Allotment period of fixed public issue has been reduced to 15 days


The Issue of Capital and Disclosure Requirement (ICDR) norms will replace the Disclosure and Investor Protection (DIP) guidelines which were formulated in 1992.
Under the new norms, allotment period of fixed price public issue has been reduced to 15 days from 30 days earlier.

Under the ICDR guidelines, book building by a company going for IPO has to be done only through an issue size of 100 per cent. Earlier as per the DIP guidelines, book building process could be done through an issue size of 75 per cent or 100 per cent of issue size.
“75 per cent book building route omitted,” the ICDR guidelines on the Sebi website said.

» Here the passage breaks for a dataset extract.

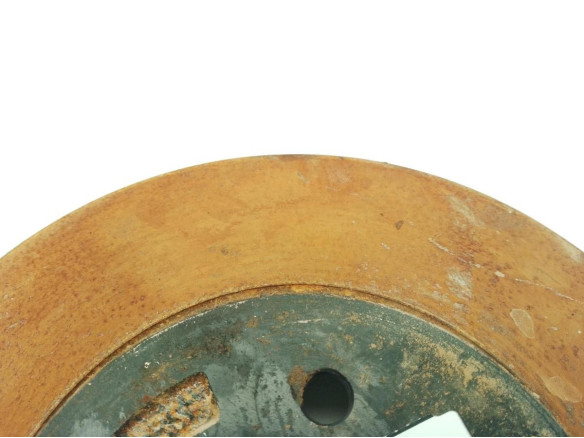 DISCO FRENO DEL KIA STONIC (YB)|Desguaces La Cabaña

Also, a company does not require to disclose the price band in its draft prospectus while earlier it had to disclose it in the draft prospectus in case of fixed price issues. Welcoming the new norms, SMC Capitals Equity Head Jagannadham Thunuguntla said, “It is an effort by Sebi to bring the norms in line with current day practices.” Sebi has also made issue period for infrastructure companies uniform at 10 days for all types of issues. Earlier, it was 21 days for some issues and 10 days for others issues. The market regulator has said that minimum promoters’ contribution should be brought in only by promoters whose identity is disclosed in the offer document.

IPO restriction
It added that companies cannot make public or rights issue of the specified securities if any of its promoters, promoter group or directors or person in control of the issue are debarred from accessing the capital market by board.
Earlier, only if a company was itself barred from accessing the capital markets could not make an issue of securities.
The regulator also added that pre-issue advertisements, according to the new ICDR guidelines should be made after the registration of prospectus or the red herring prospectus with the Registrar of Companies before opening of the issue.

Disclose complaints
To bring in more transparency in grievance redressal mechanism, Sebi has asked stock exchanges to disclose details of complaints lodged by clients and investors against trading members and listed companies.
“Stock Exchanges shall henceforth disclose the details of complaints lodged by clients / investors against trading members and companies listed in the exchange, in their website,” Sebi said in a statement. It added that the disclosure should also include details pertaining to arbitration and penal action against the trading members. Sebi has received feedback from investors and their associations to bring in more transparency in the grievance redressal available in the Stock Exchanges.
“Based on the feedback and inputs received from the concerned entities, transparency in grievance redressal is identified as a key area to augment investor protection,” Sebi said.
It is envisaged that transparency will also improve the general functioning of the market, it added.